It’s almost time to celebrate the Fourth of July - America's birthday, and for many photographers, the draw of photographing fireworks is hard to resist. I don’t know about you, but some of my early attempts to capture fireworks resulted in a blurry mess of smoke! In frustration, I took to the Internet to figure out the secret of capturing those plumes of spectacular color and light - minus the smoke!
Believe it or not, shooting Fireworks is actually not that difficult once you get the hang of it. And you will be WOWING your friends and neighbors with gorgeous firework photos!!
Camera Gear You Will Need
- Tripod — this is the magic ingredient
- Remote trigger (optional but I highly suggest getting one and they can be purchased for as little as $30!)
Setting Up the For the Shot
Try to find the ideal spot to set up your camera and tripod in an area where the fireworks will be seen. In our local town square, the fireworks are always shot from behind Town Hall. So with my camera on the tripod, I compose the shot and lock focus on Town Hall. If you don’t have a building to focus on, you can focus on something in the foreground such as trees OR you can put your lens on infinity focus (look for the ∞ infinity symbol on the barrel of your lens and manually rotate the barrel until the line is the infinity symbol), then compose your shot.
If you look closely at the image below, you can see the infinity symbol on the barrel. It's perfect for when you don't have an object in the foreground to lock focus.
Now, put your camera in manual mode and turn down your ISO. Yes, turn it down. It might seem counterintuitive with the lack of light in the evening sky but you want a slower ISO. Typically, my firework images are between ISO 100 and no more than ISO 400.
Next, stop down your aperture to between f/10 and f/16. You will want the shutter to be really tiny so that less light hits the sensor, requiring the shutter to be open for a longer period of time to achieve proper exposure. This is what creates the beautiful trails of color against the dark sky.

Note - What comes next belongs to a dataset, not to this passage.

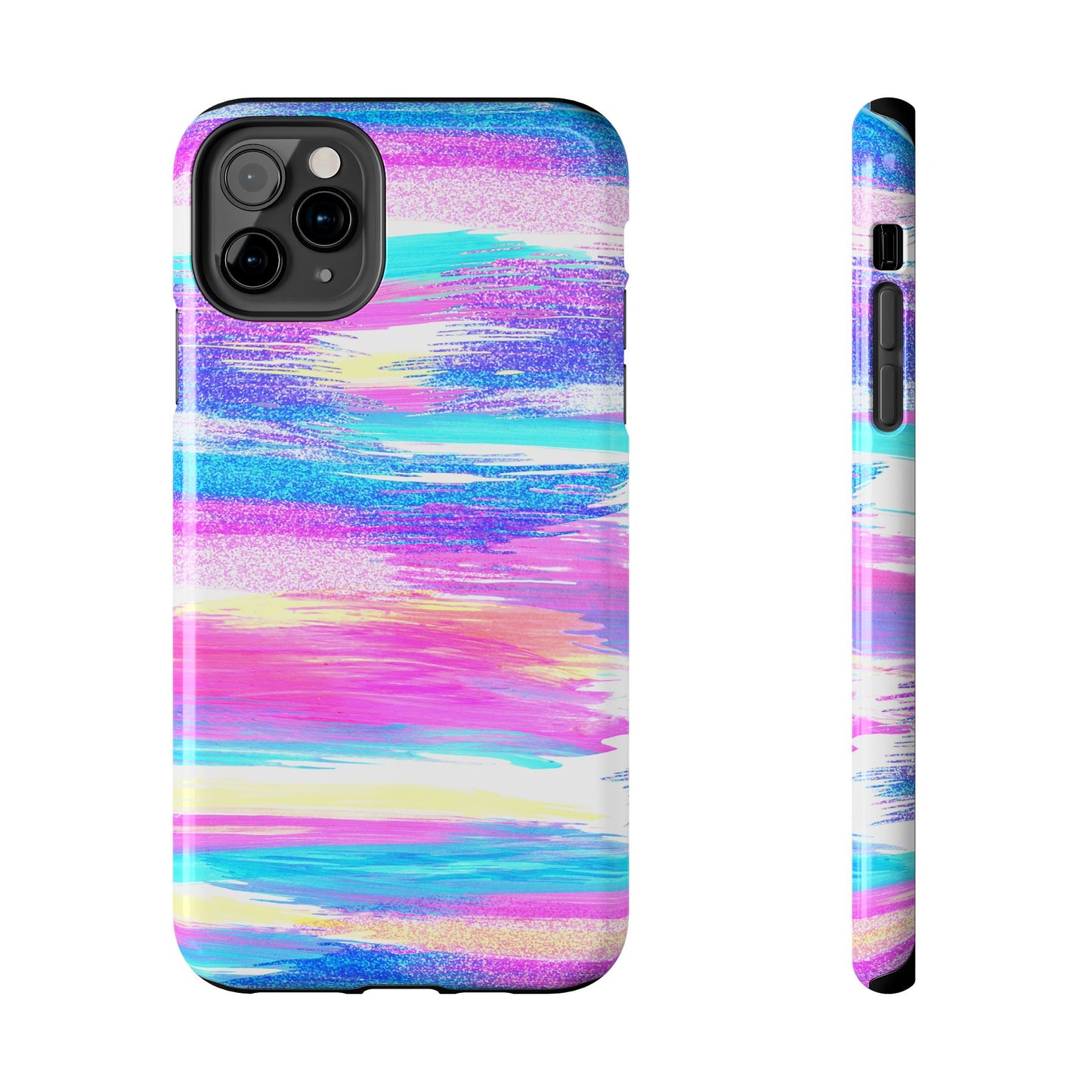 Colorful Abstract Tough Phone Case - Vibrant Protection for Your Device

Setting the shutter speed will depend on how you are metering for the available light. I switch to live view and meter for any available light in the sky. Ideally, you will want your shutter speed to be very, very slow. My shutter speeds range from 2.5 seconds to 30 seconds. Live view is a great way to quickly meter a scene because you can see how the exposure looks and make shutter speed adjustments until your scene is pleasing to your eye.
Take a few quick test shots and if you are happy with the overall exposure then you should be set.
The image below was taken at a concert and I locked focus on the stage. Settings - f/10, ISO 320, 25-second exposure with 35mm lens. Note, you will see ghosting of the people in the foreground because they are moving. For me, it added an element of movement that I liked.
The image below was taken using infinity focus while in Montana a few years back and was taken during the summer when shooting fireworks finally clicked! It was pitch black, I was facing a lake and had no idea where the fireworks would appear! Settings - f/9, ISO 100, 3.2 seconds, 43mm focal length using 18-250mm lens on infinity.
Use a Remote Trigger
If you have a remote trigger, get it set up so that once the show starts, all you have to do is sit back and press the button while you enjoy the show! If you do not have a remote trigger, set your camera for a 2 second delay to so that you don’t accidentally cause camera shake even though your camera is on a tripod (believe me, I did this with my old tripod which wasn’t super stable for long exposures and it was very frustrating!)
In the image below, I adjusted the position of the camera, locked focus on the trees and maintained a 25-second exposure, f/10, ISO 320. Notice with the super slow shutter how the colors drift into the sky for a beautiful effect.
What Lens Should You Use?
What lens should you use to photograph fireworks? This really depends on how much of the scene you are hoping to capture. I have used my 35mm in order to get a wider angle and take in the entire scene but have also used my 85mm for a tighter view of the show. A zoom lens can be very handy so that you can quickly change your composition if you are too tight or too wide. Just remember if you make composition adjustments, you will need to readjust where you lock the focus.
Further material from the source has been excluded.